To investigate maternal infection during the admission for delivery as a possible risk factor for CP in infants born weighing 2500 g or more.
Population-based case-control study.
All hospitals in 4 northern California counties, 1983 through 1985.
A total of 46 children with disabling spastic CP who had no recognized prenatal brain lesions and 378 randomly selected control children weighing 2500 g or more at birth and surviving to age 3 years.
Disabling spastic CP and signs of neonatal morbidity.
Maternal fever exceeding 38 degrees C in labor was associated with increased risk of unexplained CP (odds ratio [OR], 9.3; 95% confidence interval [CI], 2.7-31.0), as was a clinical diagnosis of chorioamnionitis. One or more indicators of maternal infection were present in 2.9% of control children, 22% of children with CP (OR, 9.3; 95% CI, 3.7-23.0), and 37% of those with the spastic quadriplegic subtype of CP (OR, 19.0; 95% CI, 6.5-56.0). Newborns exposed to maternal infection, both cases and controls, had 5-minute Apgar scores below 6 more often than those unexposed. Among children with CP, those born to infected women were more often hypotensive, needed intubation, had neonatal seizures, and received a clinical diagnosis of hypoxic-ischemic encephalopathy.
Intrauterine exposure to maternal infection was associated with a marked increase in risk of CP in infants of normal birth weight. Maternal infection was also linked with low Apgar scores, other evidence of hypotension [corrected] and need for resuscitation, and neonatal seizures-signs commonly attributed to birth asphyxia.
孕产妇或胎盘感染与早产风险相关,对于早产儿而言,还与预测脑瘫(CP)的脑损伤风险相关。很少有研究调查孕产妇感染是否与正常出生体重儿童的脑瘫风险有关。

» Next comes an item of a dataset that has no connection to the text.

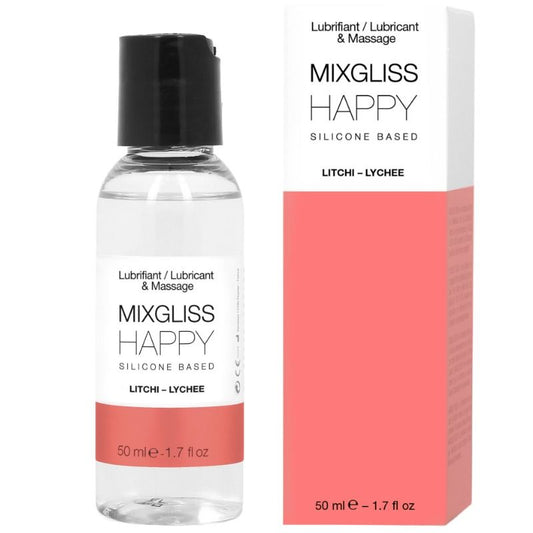 MIXGLISS - HAPPY LITCHI SILIKONSCHMIERMITTEL 50 ML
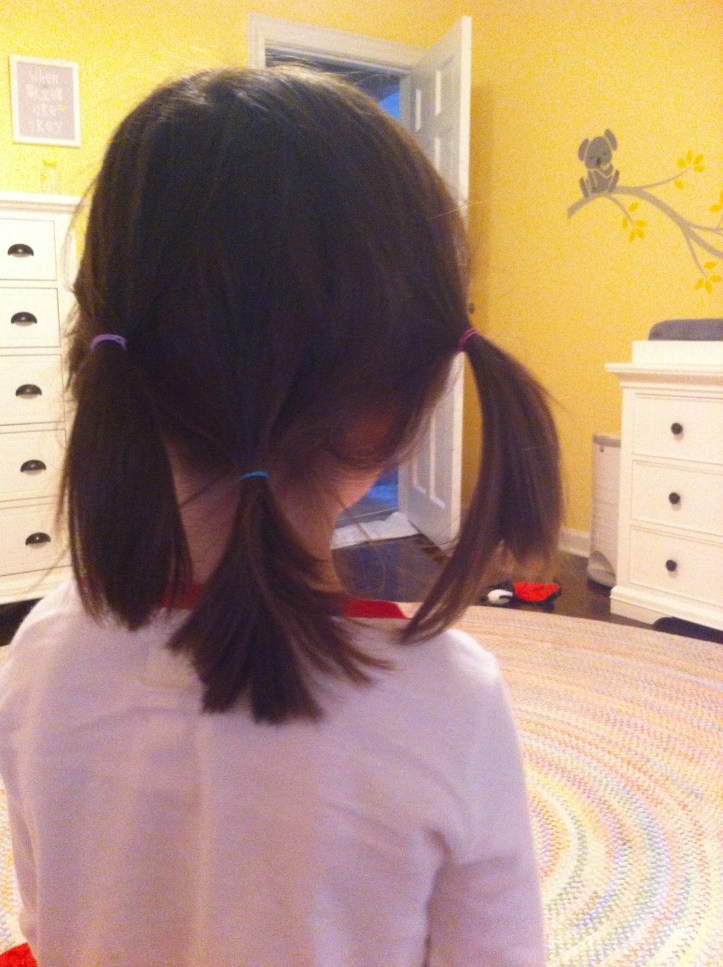 It's all about the pony tails!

调查分娩入院时的孕产妇感染是否为出生体重2500克或以上婴儿患脑瘫的可能危险因素。
基于人群的病例对照研究。
1983年至1985年加利福尼亚州北部4个县的所有医院。
共有46例患有致残性痉挛性脑瘫且无公认产前脑损伤的儿童,以及378名随机选择的对照儿童,这些对照儿童出生时体重2500克或以上,且存活至3岁。
致残性痉挛性脑瘫和新生儿发病体征。
分娩时孕产妇体温超过38摄氏度与不明原因脑瘫风险增加相关(比值比[OR],9.3;95%置信区间[CI],2.7 - 31.0),绒毛膜羊膜炎的临床诊断也是如此。2.9%的对照儿童、22%的脑瘫儿童(OR,9.3;95% CI,3.7 - 23.0)以及37%的痉挛性四肢瘫亚型脑瘫儿童(OR,19.0;95% CI,6.5 - 56.0)存在一项或多项孕产妇感染指标。暴露于孕产妇感染的新生儿,无论病例组还是对照组,5分钟阿氏评分低于6分的情况比未暴露者更常见。在脑瘫儿童中,感染妇女所生的儿童更常出现低血压、需要插管、有新生儿惊厥,并被临床诊断为缺氧缺血性脑病。
宫内暴露于孕产妇感染与正常出生体重婴儿患脑瘫的风险显著增加相关。孕产妇感染还与低阿氏评分、其他低血压[校正后]证据及复苏需求以及新生儿惊厥有关,这些体征通常归因于出生窒息。